:: RECORDS SHOWN
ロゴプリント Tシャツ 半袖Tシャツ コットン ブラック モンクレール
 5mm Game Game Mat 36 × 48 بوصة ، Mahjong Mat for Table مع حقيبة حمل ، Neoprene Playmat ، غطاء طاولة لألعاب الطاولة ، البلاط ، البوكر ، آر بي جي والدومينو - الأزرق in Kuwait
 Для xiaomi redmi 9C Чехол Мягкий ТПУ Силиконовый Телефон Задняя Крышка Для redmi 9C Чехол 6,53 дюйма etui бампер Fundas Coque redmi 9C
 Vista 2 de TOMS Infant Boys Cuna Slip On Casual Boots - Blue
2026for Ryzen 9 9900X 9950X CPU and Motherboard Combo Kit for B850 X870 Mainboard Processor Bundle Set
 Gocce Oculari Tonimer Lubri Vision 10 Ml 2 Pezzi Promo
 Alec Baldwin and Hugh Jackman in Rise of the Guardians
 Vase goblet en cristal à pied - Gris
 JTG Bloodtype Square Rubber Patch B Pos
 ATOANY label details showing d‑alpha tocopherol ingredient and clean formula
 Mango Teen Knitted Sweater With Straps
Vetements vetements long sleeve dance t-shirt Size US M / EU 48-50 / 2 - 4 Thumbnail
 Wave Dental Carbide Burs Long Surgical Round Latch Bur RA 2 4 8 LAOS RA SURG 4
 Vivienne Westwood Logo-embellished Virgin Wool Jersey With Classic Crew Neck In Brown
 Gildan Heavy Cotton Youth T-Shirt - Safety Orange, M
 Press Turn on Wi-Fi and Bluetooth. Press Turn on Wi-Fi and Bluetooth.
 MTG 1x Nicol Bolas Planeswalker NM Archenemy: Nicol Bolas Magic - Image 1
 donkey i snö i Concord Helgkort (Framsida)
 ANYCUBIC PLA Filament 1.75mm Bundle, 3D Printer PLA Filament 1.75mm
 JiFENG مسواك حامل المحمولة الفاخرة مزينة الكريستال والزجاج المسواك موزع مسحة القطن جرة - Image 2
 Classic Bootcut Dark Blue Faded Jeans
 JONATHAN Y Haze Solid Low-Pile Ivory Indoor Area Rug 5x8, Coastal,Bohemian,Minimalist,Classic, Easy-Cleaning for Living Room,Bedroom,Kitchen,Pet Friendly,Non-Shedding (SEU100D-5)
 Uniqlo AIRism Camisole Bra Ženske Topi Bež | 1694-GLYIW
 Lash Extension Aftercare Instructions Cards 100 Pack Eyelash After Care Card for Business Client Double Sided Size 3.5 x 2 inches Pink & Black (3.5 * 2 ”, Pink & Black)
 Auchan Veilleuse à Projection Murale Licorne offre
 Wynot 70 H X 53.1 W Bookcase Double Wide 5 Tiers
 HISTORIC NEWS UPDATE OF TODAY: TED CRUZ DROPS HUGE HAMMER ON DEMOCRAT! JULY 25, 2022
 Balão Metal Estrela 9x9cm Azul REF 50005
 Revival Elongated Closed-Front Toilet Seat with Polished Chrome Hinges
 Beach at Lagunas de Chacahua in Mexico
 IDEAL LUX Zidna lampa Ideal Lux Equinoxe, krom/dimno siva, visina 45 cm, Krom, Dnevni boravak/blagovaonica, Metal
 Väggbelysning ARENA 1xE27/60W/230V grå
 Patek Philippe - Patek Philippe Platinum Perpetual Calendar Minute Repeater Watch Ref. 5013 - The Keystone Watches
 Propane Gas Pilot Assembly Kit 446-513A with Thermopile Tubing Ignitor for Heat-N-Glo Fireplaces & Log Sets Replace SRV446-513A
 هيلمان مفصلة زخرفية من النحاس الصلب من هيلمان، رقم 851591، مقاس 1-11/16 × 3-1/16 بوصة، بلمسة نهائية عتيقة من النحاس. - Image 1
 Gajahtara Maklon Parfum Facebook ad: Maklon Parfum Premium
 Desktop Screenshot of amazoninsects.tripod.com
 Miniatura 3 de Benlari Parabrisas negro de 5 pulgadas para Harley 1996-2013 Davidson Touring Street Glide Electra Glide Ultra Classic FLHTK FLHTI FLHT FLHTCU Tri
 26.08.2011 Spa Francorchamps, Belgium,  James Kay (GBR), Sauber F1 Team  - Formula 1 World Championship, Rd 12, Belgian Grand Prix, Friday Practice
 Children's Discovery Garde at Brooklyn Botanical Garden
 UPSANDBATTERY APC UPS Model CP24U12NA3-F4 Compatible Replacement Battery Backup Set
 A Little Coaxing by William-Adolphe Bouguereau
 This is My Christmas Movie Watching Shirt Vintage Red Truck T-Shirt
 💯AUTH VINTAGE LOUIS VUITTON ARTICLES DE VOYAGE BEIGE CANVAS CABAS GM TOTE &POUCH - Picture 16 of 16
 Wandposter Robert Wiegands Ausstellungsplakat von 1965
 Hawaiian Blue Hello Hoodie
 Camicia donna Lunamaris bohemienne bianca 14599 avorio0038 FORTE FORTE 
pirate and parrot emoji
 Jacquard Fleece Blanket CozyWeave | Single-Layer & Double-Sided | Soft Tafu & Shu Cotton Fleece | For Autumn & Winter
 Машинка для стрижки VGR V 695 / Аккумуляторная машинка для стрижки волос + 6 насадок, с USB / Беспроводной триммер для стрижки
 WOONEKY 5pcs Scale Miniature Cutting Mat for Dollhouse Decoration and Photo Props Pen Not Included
::::
[TASK GOAL]: Using the records above, report each line with the string "Image".

[TASK OUTPUT]:
 MTG 1x Nicol Bolas Planeswalker NM Archenemy: Nicol Bolas Magic - Image 1
 JiFENG مسواك حامل المحمولة الفاخرة مزينة الكريستال والزجاج المسواك موزع مسحة القطن جرة - Image 2
 هيلمان مفصلة زخرفية من النحاس الصلب من هيلمان، رقم 851591، مقاس 1-11/16 × 3-1/16 بوصة، بلمسة نهائية عتيقة من النحاس. - Image 1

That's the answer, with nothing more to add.